31.05.2024 medyascope.tv

31 Mayıs 2024’te medyascope.tv'de yaptığımız Haftaya Bakış’ı yayına Tania Taşçıoğlu Baykal hazırladı

Ruşen Çakır: Merhaba, iyi günler. “Haftaya Bakış”la karşınızdayız. Bu hafta Kadri Gürsel yurtdışında olduğu için aramızda yok maalesef. Biz yine bir zamanlar olduğu gibi haftanın olaylarını Kemal Can’la baş başa yorumlayacağız. Kemal, merhaba.
Kemal Can: Merhaba Ruşen.

Ruşen Çakır: Hazır Kadri de yokken rahat rahat istediğimiz gibi oto-sansürsüz konuşabiliriz. Ben Pazartesi ve salı Güneydoğu’daydım biliyorsun. Dört şehirde, belediye eş başkanları ile röportaj yaptım. İkisi yayınlandı. Üçüncüsü Batman bugün, Van da yarın yayınlanacak. Benim gündemim çok yoğundu, o yüzden olup bitenlere fazla bakamadım.
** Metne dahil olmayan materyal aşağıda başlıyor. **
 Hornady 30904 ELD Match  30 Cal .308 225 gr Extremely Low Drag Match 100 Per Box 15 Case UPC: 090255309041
Kemal Kılıçdaroğlu’nun KRT yayınına çıktığını ve açıklamalarını gördüm; ama yayını izlemedim. Okudum. Şöyle bir baktım. İzleme ihtiyâcı hissetmedim açıkçası. Başlıklar yeterince anlamlıydı. Şöyle düşündüm: CHP seçimden başarısız çıksa, Kemal Kılıçdaroğlu ya da muhâlif olan kişiler o andan îtibâren başlardı. Ya da: “CHP seçimden başarılı çıktı, ama sonrasında her şeyi yüzüne gözüne bulaştırdı” gibi bir durum olsa, açıklayıcı bir şey olabilirdi. Ama bence öyle bir durum da yok. Daha çok erken. Daha siyâset yavaş yavaş ısınıyor. Bana, çıkışının zamanlaması değil de, çıkmasının bir anlamı yokmuş gibi geldi.
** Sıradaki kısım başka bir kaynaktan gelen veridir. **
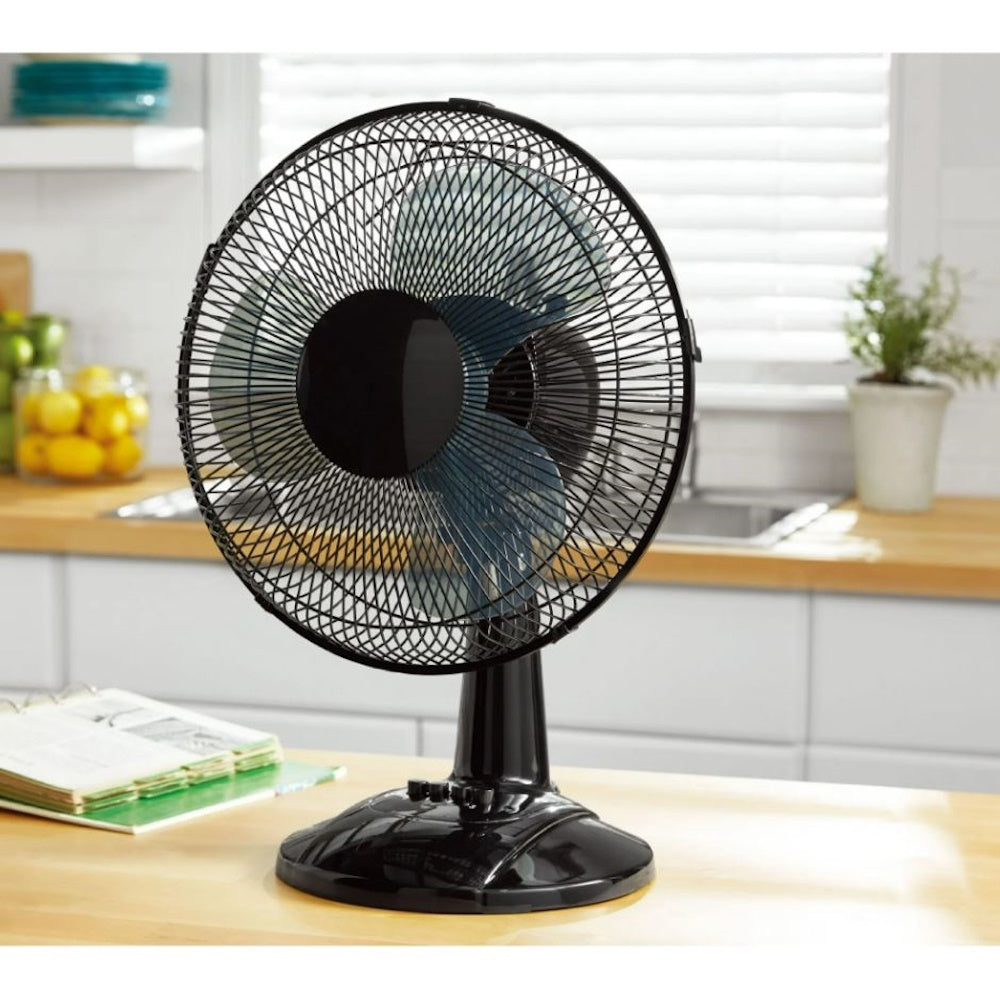 Mainstays 12" 3-Speed Oscillating Table Fan, FT30-8MBB, Black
Bir de Kılıçdaroğlu’nun söyledikleri çok ilginç. Aday olmasını, “Arkamdan ittiler” gibi bir havada söylemiş olması, benim bildiğim süreçle uyuşmuyor. Çünkü Kılıçdaroğlu’nun çok yakınındaki isimlerden, adaylık için çok önceden çalıştığını ve kendisini hazırladığını biliyordum. Hattâ bu konuyu seninle de konuştuk; birçok yayında da söyledim. Bir diğer husus da, “Delege çağırırsa neden olmasın? Tekrar aday olurum” demesi. Diyelim ki Özgür Özel-Ekrem İmamoğlu ikilisi partiyi uçurumdan aşağı sürüklüyor; CHP’nin çözümünün Kemal Kılıçdaroğlu olması gibi bir seçenek bana hiç gerçekçi gelmiyor. Tamam, siyâseten hâlâ birtakım beklentileri olabilir, ama bana göre çok yanlış bir yerden gidiyor. Bu ne işe yaradı? CHP’nin ne hayrına oldu? Özgür Özel ile baş başa konuştuğunu biliyoruz. O kanallar açık. Onlara yönelik birtakım eleştirileri varsa, zâten söyleyebiliyor. Kamuoyunun karşısına böyle bir yayınla çıkıp bunları söylemekle eline ne geçti? Açıkçası kestiremiyorum. Benim atladığım bir şey mi var?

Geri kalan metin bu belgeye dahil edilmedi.